Now, I see what a global condition this is. If someone wants to cut you down (they really don't mean to, but they are hurting and you are in their field of vision), they will attack your most obvious weakness. A woman who wants to have a baby, but can't have one is cut to the quick with: "Well, at least I'm a REAL woman!" My computer buddy is hit with: " Oh, yeah, I forgot, all YOU know is computers...", My sense of acomplishment is smashed with: "That's real good for a BLIND person...", An older sister is battered from: "Yeah, and your brother is RETARDED...". The list is endless. Another example of the expression: Misery loves company.

Freedom for me is realizing it isn't my business what people think of my work, my decessions or my faith. My job is to DO STUFF, God's job is to handle the results. I neither love or hate myself today, because of my disabilities. They are one aspect of who I am. The important FACT is that I'm one of God's kids and He made me. I am no mistake, or accident. Now realizing I'll never earn a: "gets you out of pain" card, I can let go of a lot of unnecessary self-hatred because of a condition.

The other wonderful discovery of this day has to do with how clearly my friends understand my chemically imbalanced coping abilities. I share part of a chat:

me: I am finally getting over the depression that whole bit with @#% threw me into. She really messed me up for awhile.
Phillip: Honey, @#% didn't throw you into anything. she said or did something stupid and about as sensitive as toilet seat. Your reaction to what @#% did depressed you.
me: Yes, that's right. But, I'm finally coming out of it. A very painful set of reactions.
Phillip: Yes, and I realize that much of that is chemically induced on your part. The good part is that there is also much of the reaction that isn't - and that God is working you through the process of not reacting to what other people say or do - and just believing in who He said you are. Which will also help the chemical part not kick in as much. Aren't you excited?
me: Yeah. I am excited about living a totally new kind of life, as I continue to learn to have real faith.

Since I know many of my readers also go through the following. I make the observation that, in spite of my faults Phillip is still my friend. Oh how we abuse survivors have trouble BELIEVING that some one else can actually like, or love us!

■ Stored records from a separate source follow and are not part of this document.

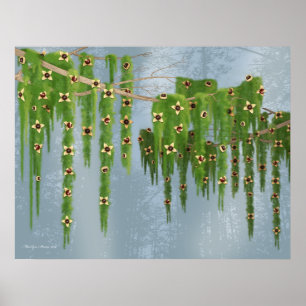 Schokolade Truffle Fantasy Tree Poster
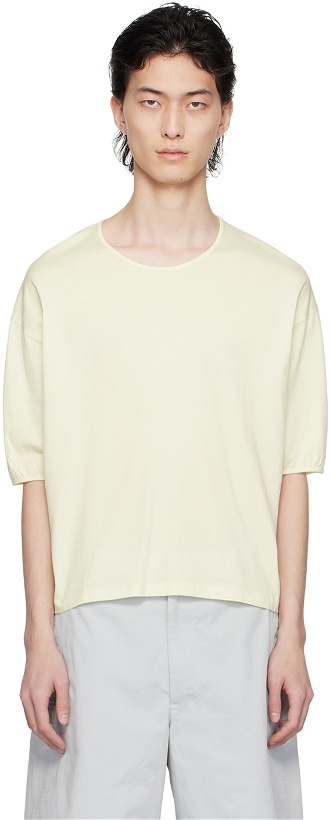 Photo: LEMAIRE Yellow Relaxed T-Shirt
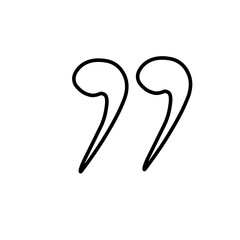 Quote mark, dialog line editable icon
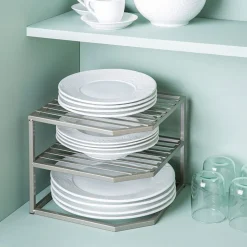 KSP Space Logic Corner Shelf 2-Tier (Grey) 10x10x9
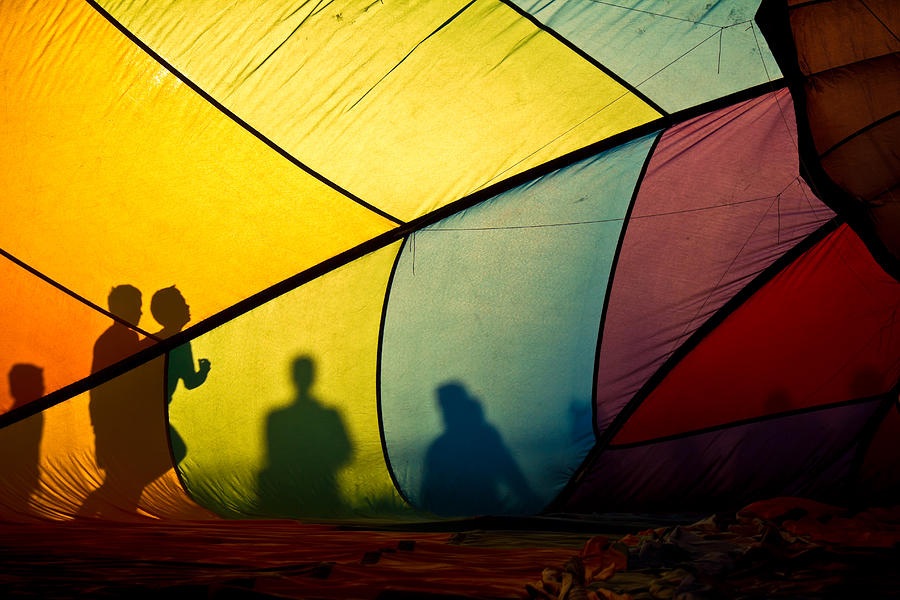Summer Photograph - Chasing Summer - Casper Balloon Roundup - Casper Wyoming by Diane Mintle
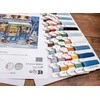 Letistitch Kryželiu siūlų rinkinys Kalėdų dovanos Parduotuvė 21x21cm SLETIL8109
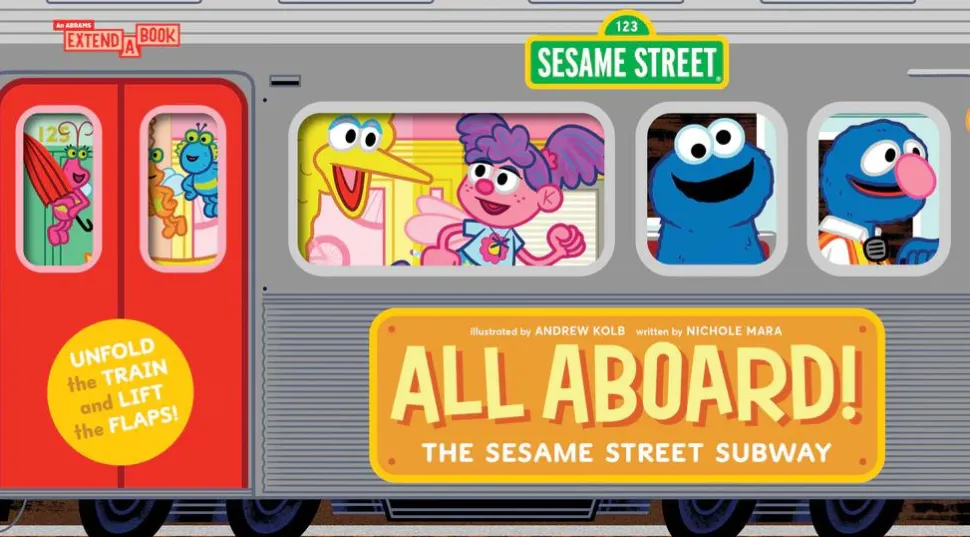 Sesame Street - All Aboard! The Sesame Street Subway Extend-A-Book Hardcover Book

I just put that doubt in the drawer with the other things I have to ask God to help me believe are true. Never forget, if you do matter and you are worthy of love, then you are responsible to DO something. It is not all right to sit around and cry because you THINK you don't matter and you THINK nobody loves you. This trap is one of the devil's most effective tools against children of abuse. We have to learn that practing faith is in the very fabric of our lives.

I have to practice faith that God will heal, or save, or teach. But I also have to have faith that I am His child, that He sees me through the eyes of Jesus and that since I'm God's child, why wouldn't another one of his kids find me interesting as a person? (Kinda takes the wind out of that pity party I've been throwing...).

1 comment:

PhillyMac said...

Yo, Jane honey, it's not despite your faults that I'm your friend - it's because I'm just as full of my own faults and we play the friendship game on equal turf. None of us are perfect - no not one. We may have different issues, but I never expect you to be anything you're not - like perfect. And I certainly hope you never expect me to be either!